= DATA FOR PROCESSING =
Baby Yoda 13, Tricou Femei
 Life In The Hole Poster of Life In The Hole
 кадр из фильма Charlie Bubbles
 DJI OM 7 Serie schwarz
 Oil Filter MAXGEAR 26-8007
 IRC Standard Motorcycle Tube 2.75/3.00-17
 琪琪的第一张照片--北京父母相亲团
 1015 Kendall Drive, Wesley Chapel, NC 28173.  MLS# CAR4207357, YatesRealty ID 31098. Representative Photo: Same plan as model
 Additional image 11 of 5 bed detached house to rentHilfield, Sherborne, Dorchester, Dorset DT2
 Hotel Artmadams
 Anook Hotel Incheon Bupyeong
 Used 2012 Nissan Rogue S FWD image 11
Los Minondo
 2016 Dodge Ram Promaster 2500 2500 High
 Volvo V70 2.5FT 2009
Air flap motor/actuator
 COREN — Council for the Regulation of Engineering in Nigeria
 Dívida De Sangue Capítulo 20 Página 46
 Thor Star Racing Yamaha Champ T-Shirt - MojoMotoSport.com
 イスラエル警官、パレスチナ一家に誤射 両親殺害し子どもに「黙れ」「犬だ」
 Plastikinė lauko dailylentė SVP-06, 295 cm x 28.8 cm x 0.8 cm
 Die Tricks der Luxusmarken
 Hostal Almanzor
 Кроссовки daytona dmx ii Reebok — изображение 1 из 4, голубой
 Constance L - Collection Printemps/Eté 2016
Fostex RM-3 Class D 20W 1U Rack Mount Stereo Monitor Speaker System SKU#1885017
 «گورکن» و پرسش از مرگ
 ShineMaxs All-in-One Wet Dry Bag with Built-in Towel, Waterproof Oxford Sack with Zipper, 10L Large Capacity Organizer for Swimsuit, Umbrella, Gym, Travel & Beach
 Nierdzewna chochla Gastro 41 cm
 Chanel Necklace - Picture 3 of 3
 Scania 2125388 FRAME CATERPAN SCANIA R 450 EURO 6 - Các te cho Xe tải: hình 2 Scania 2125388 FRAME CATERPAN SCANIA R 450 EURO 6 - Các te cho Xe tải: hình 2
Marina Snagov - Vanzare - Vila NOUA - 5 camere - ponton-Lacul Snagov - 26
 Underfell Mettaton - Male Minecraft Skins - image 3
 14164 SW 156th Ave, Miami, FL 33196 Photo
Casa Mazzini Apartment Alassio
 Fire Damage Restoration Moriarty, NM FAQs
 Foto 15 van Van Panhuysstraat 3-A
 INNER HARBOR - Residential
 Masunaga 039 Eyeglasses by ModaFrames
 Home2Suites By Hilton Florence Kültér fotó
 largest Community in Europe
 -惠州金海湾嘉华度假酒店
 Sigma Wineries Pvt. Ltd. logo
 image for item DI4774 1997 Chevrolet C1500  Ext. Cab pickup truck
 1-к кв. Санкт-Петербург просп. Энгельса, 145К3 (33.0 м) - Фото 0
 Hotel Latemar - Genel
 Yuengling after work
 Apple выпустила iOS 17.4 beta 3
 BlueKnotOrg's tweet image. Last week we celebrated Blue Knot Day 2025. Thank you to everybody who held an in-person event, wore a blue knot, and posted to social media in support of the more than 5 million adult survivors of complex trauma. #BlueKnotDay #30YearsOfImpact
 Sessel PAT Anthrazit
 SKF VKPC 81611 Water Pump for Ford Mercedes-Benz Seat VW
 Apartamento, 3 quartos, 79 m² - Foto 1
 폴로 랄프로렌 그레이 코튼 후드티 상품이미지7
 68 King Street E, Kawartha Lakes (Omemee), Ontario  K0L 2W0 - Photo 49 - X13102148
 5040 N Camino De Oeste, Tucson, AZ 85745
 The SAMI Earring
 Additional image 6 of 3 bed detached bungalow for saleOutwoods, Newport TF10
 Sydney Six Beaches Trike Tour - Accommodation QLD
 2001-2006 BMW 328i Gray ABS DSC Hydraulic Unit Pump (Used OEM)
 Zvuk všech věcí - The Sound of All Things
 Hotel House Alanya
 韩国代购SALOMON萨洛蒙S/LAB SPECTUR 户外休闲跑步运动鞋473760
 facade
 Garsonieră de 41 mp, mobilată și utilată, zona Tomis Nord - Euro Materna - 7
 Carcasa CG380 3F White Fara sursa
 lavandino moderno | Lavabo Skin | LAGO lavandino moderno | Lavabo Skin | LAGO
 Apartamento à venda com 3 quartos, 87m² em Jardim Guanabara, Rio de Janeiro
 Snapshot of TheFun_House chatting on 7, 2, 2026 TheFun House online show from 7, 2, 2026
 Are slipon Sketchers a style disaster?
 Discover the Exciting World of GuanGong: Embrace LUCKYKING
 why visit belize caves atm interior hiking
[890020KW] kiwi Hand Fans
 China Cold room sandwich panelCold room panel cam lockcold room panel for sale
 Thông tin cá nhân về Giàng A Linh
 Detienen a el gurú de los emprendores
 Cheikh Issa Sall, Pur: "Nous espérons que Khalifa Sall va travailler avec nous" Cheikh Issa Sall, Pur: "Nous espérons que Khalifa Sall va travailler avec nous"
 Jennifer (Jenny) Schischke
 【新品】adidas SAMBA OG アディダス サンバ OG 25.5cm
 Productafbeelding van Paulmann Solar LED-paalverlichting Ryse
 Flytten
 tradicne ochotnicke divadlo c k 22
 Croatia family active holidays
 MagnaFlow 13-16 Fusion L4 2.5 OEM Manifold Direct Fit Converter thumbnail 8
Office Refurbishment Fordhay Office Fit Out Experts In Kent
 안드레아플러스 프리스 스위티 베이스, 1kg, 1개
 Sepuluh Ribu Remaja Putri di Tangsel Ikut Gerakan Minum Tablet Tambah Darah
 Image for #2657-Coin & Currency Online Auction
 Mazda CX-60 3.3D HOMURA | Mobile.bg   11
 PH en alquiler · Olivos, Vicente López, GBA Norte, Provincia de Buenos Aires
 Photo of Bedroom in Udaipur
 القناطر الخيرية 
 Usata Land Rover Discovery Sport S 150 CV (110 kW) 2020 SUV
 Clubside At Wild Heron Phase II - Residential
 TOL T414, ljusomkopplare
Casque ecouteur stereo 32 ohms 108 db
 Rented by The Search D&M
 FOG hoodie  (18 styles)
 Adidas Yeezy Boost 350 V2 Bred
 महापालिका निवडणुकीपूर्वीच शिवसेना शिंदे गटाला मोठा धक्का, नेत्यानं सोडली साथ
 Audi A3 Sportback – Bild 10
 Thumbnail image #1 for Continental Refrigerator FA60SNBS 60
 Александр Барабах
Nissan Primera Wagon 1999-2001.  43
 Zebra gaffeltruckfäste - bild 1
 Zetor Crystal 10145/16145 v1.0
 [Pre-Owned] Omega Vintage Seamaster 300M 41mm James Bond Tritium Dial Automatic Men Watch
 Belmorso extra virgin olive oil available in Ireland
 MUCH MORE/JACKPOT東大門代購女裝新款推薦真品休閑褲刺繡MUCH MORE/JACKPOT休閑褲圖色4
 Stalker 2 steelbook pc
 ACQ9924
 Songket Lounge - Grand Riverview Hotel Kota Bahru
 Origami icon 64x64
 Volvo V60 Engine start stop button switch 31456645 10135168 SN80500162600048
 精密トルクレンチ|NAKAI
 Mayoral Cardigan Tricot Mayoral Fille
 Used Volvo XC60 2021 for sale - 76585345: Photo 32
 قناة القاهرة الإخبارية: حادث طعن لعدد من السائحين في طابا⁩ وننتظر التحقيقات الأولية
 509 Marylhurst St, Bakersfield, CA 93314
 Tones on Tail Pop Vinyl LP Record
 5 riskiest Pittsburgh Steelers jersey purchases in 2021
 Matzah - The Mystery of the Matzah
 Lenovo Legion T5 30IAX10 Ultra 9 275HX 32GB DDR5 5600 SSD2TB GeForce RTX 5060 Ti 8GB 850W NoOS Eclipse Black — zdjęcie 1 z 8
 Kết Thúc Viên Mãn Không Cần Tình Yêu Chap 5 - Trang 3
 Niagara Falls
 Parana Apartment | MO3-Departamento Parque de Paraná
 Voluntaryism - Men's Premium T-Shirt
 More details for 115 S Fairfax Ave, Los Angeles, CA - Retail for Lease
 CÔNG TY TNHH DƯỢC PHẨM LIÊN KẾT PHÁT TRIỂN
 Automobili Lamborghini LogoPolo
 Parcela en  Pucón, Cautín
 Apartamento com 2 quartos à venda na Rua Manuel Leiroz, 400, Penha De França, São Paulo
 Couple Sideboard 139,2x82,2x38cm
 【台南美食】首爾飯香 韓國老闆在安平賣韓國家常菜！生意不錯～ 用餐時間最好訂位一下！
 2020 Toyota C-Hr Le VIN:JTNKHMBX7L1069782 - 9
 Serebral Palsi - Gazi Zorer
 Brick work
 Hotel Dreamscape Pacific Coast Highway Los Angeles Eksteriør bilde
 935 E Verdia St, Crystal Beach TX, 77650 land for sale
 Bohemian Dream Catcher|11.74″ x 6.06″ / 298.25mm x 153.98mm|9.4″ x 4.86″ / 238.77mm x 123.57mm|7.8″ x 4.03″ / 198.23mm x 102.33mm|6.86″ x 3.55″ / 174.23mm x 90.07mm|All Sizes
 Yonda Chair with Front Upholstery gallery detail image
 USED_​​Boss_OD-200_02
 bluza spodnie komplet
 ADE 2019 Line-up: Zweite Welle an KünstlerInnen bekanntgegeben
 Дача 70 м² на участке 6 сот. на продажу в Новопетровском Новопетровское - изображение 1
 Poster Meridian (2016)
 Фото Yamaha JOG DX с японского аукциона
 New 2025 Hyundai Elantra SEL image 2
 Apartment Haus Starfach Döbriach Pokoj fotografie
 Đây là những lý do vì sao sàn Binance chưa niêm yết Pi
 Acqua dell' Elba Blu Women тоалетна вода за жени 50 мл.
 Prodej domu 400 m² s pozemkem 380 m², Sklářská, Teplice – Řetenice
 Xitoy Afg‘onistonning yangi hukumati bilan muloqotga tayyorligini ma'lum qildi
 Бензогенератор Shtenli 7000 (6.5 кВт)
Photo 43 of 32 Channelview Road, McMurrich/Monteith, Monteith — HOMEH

= REQUIREMENT =
With the line containing "琪琪的第一张照片--北京父母相亲团" as the last one, please set down exactly the lines of the records above from their very first line, and nothing more.

= RESULT BELOW =
Baby Yoda 13, Tricou Femei
 Life In The Hole Poster of Life In The Hole
 кадр из фильма Charlie Bubbles
 DJI OM 7 Serie schwarz
 Oil Filter MAXGEAR 26-8007
 IRC Standard Motorcycle Tube 2.75/3.00-17
 琪琪的第一张照片--北京父母相亲团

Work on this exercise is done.